- Task goal: In the records below, find the line with "Indoor Outdoor Kitchen Bar Stool 5" and the line with "8DT 355 302-951 Bremstrommel"; return exactly those lines and every line between them.

- Data shown:
_ _ _ _ _ _ _

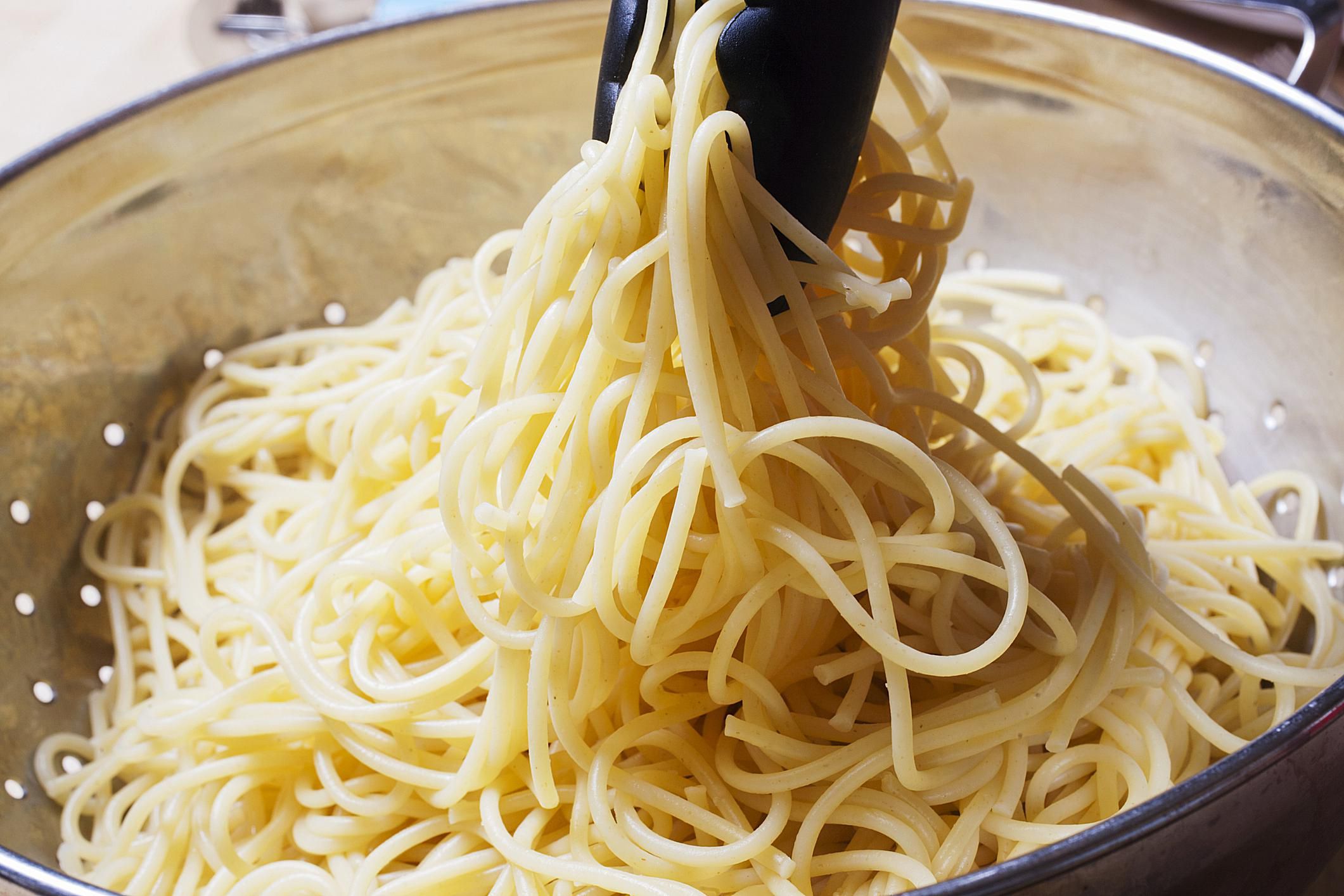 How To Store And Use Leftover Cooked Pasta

_ _ _ _ _ _ _

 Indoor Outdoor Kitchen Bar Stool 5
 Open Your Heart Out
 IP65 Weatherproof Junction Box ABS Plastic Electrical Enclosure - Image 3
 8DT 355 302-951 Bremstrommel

_ _ _ _ _ _ _

- Result:
 Indoor Outdoor Kitchen Bar Stool 5
 Open Your Heart Out
 IP65 Weatherproof Junction Box ABS Plastic Electrical Enclosure - Image 3
 8DT 355 302-951 Bremstrommel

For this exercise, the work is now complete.